I thanked her and poured milk on my cereal. “How was the band concert?” I asked, looking from one to the other.
“It was Battle of the Bands,” Johnny said. “The band from the battleship Arizona won. They played a crazy jitterbug.”
I stole a quick look at Auntie who didn’t look perturbed at the way the concert had gone. “We brought along Johnny’s school friend from up the road. Rose Yamamoto.” She poured a mug of coffee and inhaled the steamy aroma before turning to me. “How was your night? Did you have fun? I didn’t hear you come in.” There was a devilish gleam in her eye.
“It was late.” I remembered the grandfather clock at the house had chimed at midnight. “I had more fun than I thought I would. Jerry knows a lot of people, and remember Violet from the library? She was there, so I invited her over for lunch next weekend.”
“That’s nice.” Auntie brought her cup of coffee over to the sit-in and wedged me in beside Johnny as if ready to get down to business. “And what about Jerry?”
“We danced quite a few times.” By her look, I knew that wouldn’t satisfy her curiosity. “There was the jitterbug, and a foxtrot. Oh, he gave me an orchid corsage—I left it on the telephone table, if you want to wear it to your orchid club meeting.”
“But you’ll want to keep it as a memento, won’t you?” Her voice rose slightly before she took a sip of coffee.
I thought of Jamison’s rose pressed into my favorite book. “I’ll save something from another date. The orchid will be perfect for you.”
“You have some of the strangest ideas, Merrylei Wentworth,” she relented.
I was grateful I was eating and stuck in the middle of the sit-in when the phone rang. I mumbled something noncommittal as Auntie got up to answer. “It might be Edward getting off duty,” she said to Johnny who had risen to his feet then sank down again beside me. “So how did things go last night?” I asked.

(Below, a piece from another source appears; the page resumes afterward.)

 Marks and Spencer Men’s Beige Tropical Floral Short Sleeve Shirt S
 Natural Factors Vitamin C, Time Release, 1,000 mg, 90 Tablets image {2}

“Good, really good. There were fighter planes all lined up close together, and the bands were hot.”
I gave him a penetrating look. “You know what I mean.”

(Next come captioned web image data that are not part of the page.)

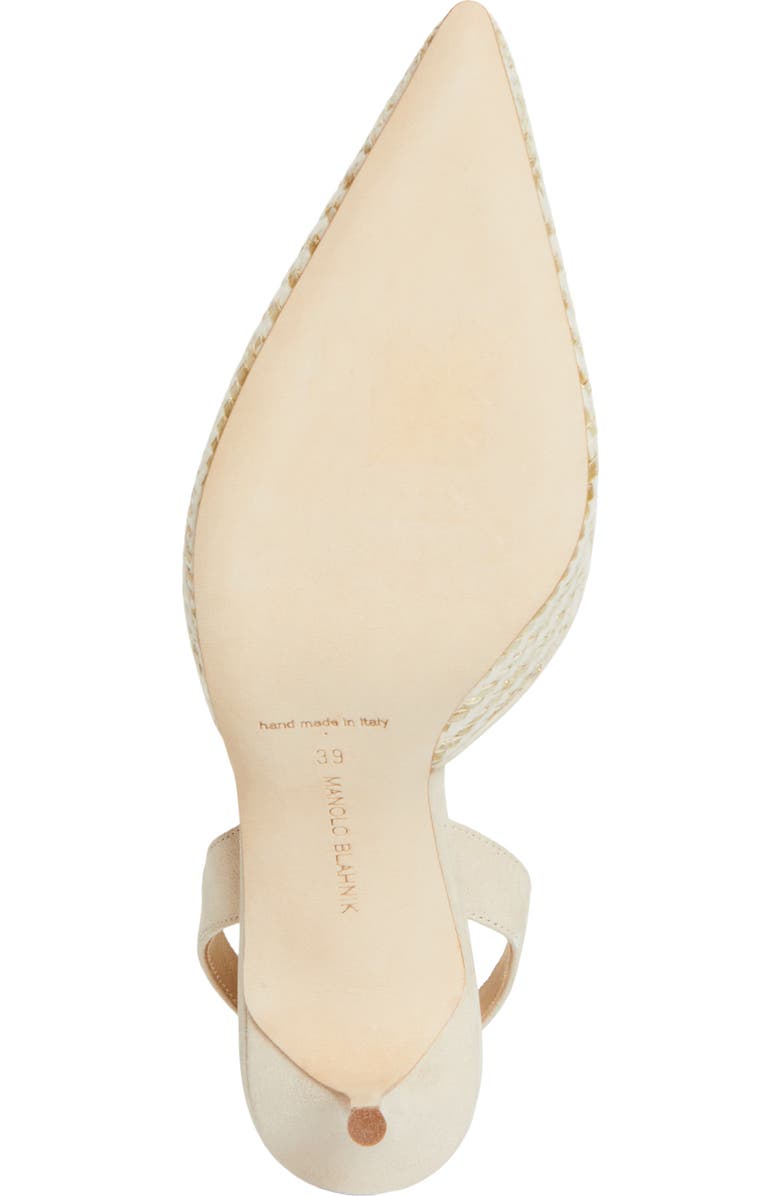 Manolo Blahnik Carolyne Woven Raffia Slingback Pump, Alternate, color, Cream Multi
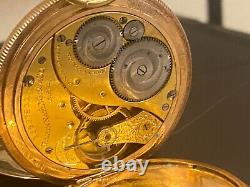 1909 Elgin Fancy Dial Grade 310 12s 7J Model 2 Hunting Pocket Watch Golf Filled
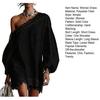 Women Off One Shoulder Loose Mini Dress, Batwing Long Sleeve Lace Trim Club Party Cocktail Dress, Summer Vacation Wedding Guest Dress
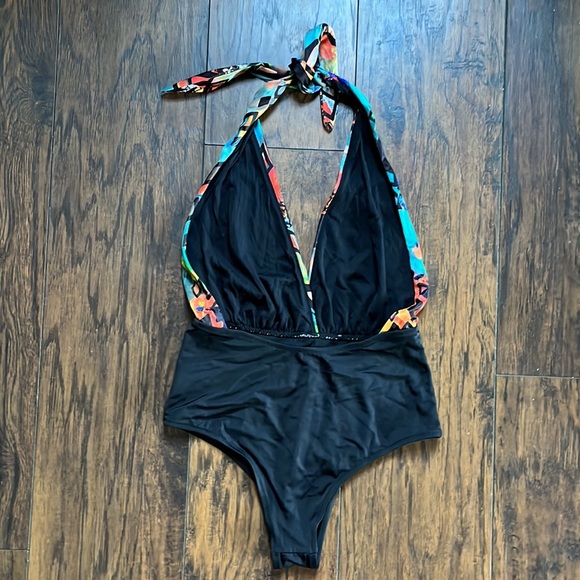 Unify The Ties Black Halter Top One Piece Bathing Suit - Picture 5 of 8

“Oh, yeah.” He gave me a shy smile. “That was good, too.”
Auntie shouted from the living room, “Turn on the radio!” then more loudly, “Turn on the radio!”

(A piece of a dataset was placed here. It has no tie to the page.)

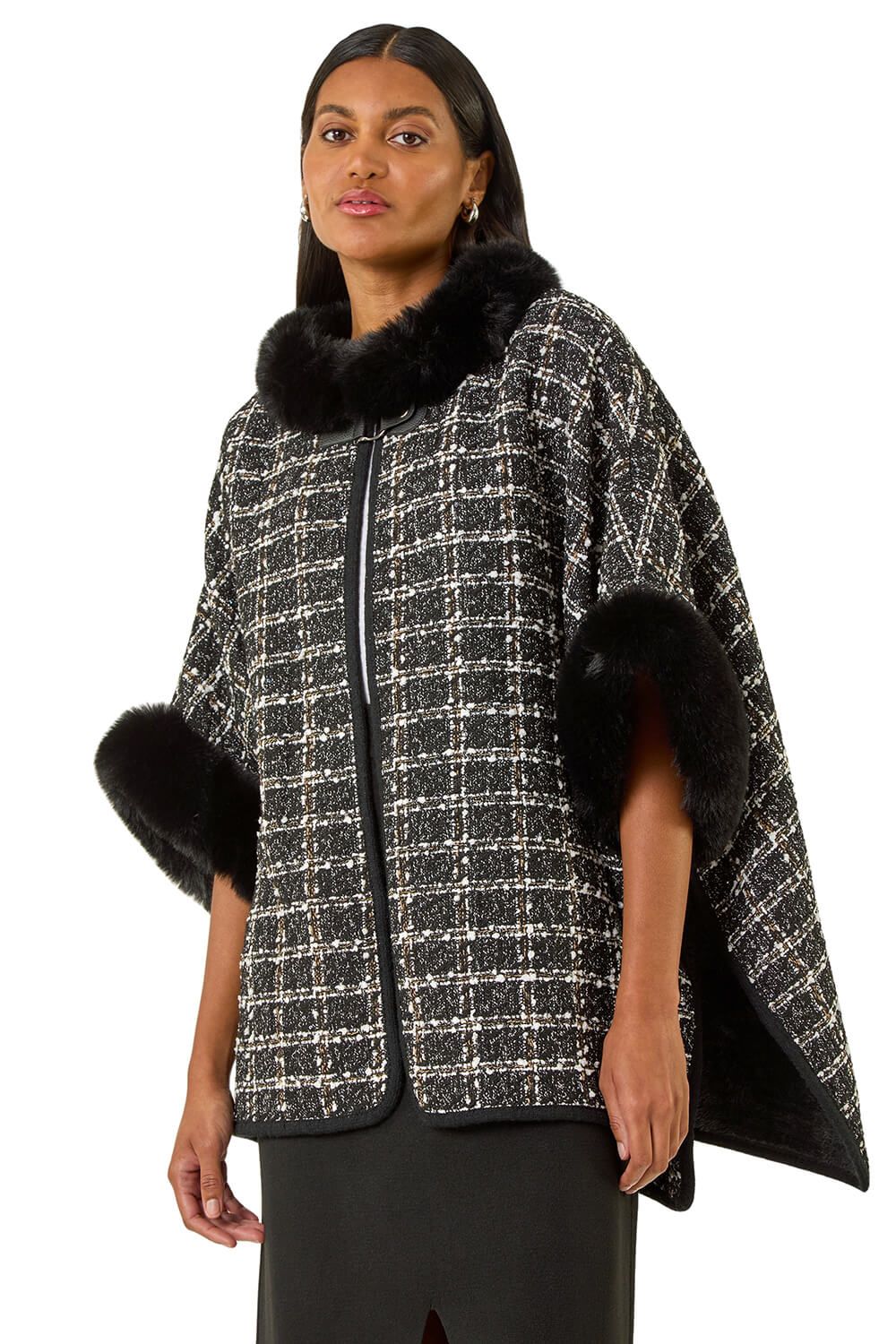 Faux Fur Jacquard Knit Poncho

Johnny jumped up and took two strides to the kitchen counter, where we kept the GE tabletop radio. A church hymn drizzled out. “Turn to KGMB,” I cried. We needed to find a newscast.
“…This isn’t a drill,” the announcer’s voice quivered. “This is the real McCoy, the Japanese are bombing us.”
I was stunned. Am I dreaming this? Auntie was white faced in the doorway. “Lei, get your arm band. That was the Red Cross headquarters on the phone. We’ve got to get to our stations at Queen’s right away. I think it’s going to be a long day.”
Dazed, I absently reached for Auntie’s coffee cup, but no amount of caffeine could cure what was wrong with me. The bombing was shocking enough, but more shattering was the realization that my first thoughts weren’t for myself, but for Jamison. The local Japanese might be blamed for the attack. Worse, he might be injured, dying somewhere without knowing the truth. That I loved him, and hadn’t told him how much he meant to me.
“This is the real McCoy,” the announcer repeated.
I had to pull myself together. People were depending on me.
“Did you talk to Edward?”
“I couldn’t reach him.” Auntie shook her head. “You drive, okay?”
“Sure.” I pushed away the bowl of half-eaten oatmeal and stood up. The room spun for a crazy moment, the way it did when I got up too quickly. Then my head cleared. “We should take your car so we can listen to the radio.”
I didn’t know if she’d heard me. She was telling Johnny, “Stay here and listen to the news. I’ll be back tonight, but don’t, don’t come looking for me if I’m late.”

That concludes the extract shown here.